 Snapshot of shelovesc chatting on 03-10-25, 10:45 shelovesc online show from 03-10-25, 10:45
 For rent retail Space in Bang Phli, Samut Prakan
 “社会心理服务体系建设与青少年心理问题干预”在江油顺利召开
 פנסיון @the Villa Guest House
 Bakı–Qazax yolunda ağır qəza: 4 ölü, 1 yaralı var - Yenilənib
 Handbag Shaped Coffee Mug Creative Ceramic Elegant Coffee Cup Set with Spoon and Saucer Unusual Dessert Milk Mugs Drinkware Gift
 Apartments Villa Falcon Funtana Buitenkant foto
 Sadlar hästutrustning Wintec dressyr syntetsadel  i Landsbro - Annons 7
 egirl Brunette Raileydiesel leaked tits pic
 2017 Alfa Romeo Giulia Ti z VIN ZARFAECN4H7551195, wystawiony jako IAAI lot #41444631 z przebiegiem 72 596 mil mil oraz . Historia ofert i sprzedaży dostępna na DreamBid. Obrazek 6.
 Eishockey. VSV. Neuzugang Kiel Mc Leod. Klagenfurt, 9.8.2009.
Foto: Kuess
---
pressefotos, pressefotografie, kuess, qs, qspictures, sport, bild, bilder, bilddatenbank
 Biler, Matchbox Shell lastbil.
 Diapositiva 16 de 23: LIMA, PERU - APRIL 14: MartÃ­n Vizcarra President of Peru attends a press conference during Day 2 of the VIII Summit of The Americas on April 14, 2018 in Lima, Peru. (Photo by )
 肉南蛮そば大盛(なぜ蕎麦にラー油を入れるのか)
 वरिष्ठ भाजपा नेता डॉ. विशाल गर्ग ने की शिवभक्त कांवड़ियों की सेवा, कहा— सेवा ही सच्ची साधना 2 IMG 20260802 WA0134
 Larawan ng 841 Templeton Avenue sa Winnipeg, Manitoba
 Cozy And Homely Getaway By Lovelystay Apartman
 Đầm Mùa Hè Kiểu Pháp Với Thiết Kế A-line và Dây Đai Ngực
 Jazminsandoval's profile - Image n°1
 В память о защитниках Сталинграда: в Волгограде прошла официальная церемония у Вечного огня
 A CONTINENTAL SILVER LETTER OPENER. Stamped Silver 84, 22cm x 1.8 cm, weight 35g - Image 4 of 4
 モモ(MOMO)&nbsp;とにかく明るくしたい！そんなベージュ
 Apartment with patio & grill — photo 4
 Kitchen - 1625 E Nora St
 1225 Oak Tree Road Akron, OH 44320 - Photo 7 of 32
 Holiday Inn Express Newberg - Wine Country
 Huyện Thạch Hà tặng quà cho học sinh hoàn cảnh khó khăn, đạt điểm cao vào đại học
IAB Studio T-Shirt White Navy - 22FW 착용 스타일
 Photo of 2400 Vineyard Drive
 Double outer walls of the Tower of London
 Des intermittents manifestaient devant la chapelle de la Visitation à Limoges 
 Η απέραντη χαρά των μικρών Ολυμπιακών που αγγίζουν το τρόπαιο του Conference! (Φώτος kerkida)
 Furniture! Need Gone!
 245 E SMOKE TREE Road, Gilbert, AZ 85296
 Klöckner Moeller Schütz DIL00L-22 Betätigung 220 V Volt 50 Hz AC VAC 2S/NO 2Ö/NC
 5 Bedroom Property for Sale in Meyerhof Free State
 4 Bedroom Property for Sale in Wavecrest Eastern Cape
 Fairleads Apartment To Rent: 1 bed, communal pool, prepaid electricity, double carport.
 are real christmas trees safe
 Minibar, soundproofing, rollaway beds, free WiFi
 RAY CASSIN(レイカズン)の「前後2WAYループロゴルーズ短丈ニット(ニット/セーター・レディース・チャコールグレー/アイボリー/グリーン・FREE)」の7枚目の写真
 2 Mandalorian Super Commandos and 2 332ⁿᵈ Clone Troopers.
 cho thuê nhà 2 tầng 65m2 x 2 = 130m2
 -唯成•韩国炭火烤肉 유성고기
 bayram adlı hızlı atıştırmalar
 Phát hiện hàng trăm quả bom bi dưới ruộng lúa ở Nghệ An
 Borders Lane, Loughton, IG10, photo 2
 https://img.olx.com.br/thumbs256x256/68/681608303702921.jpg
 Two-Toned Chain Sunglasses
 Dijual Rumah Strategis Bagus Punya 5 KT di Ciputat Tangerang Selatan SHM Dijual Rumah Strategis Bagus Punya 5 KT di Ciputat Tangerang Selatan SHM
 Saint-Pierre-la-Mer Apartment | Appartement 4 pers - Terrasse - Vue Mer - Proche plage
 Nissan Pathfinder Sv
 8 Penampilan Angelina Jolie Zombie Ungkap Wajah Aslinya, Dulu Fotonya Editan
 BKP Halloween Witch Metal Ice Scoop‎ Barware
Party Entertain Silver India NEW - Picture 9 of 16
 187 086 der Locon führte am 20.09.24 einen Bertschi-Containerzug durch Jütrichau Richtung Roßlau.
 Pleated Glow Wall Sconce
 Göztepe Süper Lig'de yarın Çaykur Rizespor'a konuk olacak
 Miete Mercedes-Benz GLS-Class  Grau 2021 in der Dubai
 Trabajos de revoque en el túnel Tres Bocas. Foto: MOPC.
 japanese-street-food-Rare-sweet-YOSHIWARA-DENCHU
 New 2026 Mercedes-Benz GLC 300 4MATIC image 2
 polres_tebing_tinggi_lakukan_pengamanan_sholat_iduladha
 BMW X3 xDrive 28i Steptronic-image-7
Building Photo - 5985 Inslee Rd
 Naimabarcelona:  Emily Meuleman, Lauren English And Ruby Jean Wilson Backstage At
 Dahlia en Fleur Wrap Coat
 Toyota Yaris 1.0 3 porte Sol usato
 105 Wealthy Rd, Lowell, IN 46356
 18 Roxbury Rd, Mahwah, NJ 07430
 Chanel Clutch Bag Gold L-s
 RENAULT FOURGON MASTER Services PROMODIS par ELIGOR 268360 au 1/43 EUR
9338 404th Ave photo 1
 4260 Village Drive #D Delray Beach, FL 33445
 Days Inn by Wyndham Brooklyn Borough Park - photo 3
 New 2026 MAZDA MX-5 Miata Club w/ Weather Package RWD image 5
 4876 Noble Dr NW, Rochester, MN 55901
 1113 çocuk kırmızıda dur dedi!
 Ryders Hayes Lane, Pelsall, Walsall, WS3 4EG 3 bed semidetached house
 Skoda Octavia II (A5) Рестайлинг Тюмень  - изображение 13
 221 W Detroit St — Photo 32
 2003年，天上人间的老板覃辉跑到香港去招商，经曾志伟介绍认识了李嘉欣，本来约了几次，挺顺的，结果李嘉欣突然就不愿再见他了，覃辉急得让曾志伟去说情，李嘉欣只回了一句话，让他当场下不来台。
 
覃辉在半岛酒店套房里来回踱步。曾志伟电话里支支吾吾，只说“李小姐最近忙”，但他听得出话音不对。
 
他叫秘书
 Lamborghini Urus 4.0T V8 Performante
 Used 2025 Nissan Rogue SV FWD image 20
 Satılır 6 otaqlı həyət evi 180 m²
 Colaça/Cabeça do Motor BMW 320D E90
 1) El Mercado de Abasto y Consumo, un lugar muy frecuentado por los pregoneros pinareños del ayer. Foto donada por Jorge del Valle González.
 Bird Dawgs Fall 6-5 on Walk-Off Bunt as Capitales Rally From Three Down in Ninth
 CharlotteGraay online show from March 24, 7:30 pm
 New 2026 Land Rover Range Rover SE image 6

**DIRECTIONS**
Only the lines above that hold "with" are wanted. Show every one of them.

**RESPONSE**
 Handbag Shaped Coffee Mug Creative Ceramic Elegant Coffee Cup Set with Spoon and Saucer Unusual Dessert Milk Mugs Drinkware Gift
 Apartment with patio & grill — photo 4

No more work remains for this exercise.